I just don’t have time.
Taking those vitamins uses up about two seconds of my day that I may desperately need for something else.
If I go to the gym and sweat my hair out, my car selfies won’t be nearly as dope.
Yeah, I could go home and make a salad or spend my Sundays meal prepping for a couple of hours but I’d rather just roll through the drive-thru and spend all of the time I claim I don’t have on social media wishing I had the lives (which could or could not be real) of the people I follow.
I just don’t know why I don’t feel well but my life is too busy to care. Guess I’ll just die with my to-do list in my hand and still looking for the martyr medal I never received when I spent my entire existence trying to be everything for everyone else.
Harsh statements. True reality.
Do you ever wonder how we got to be last on our own list?I have often thought my on and off again battles with depression and anxiety were the reasons I just couldn’t get it together, that is, until I noticed how fast I could pull it together if someone else needed me.

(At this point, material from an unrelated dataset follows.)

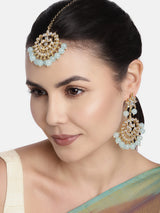 Suhasi Turquoise Maangtikka Earring Set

And here I sit, with a bunch of problems I could have avoided if I had just “stuck to the plan.” I get it. Life happens and we get thrown off course. There were times last year that I struggled to even get out of bed, wash my face and comb my hair. Yet, I will tell you the times when I fought my mind and got up and did it, I felt better. Washing your face may not seem like a big deal until you realize it is part of the self care you have surrendered because you’re “going through,” mad, tired, frustrated or trying to get back at someone (I’ve done that too).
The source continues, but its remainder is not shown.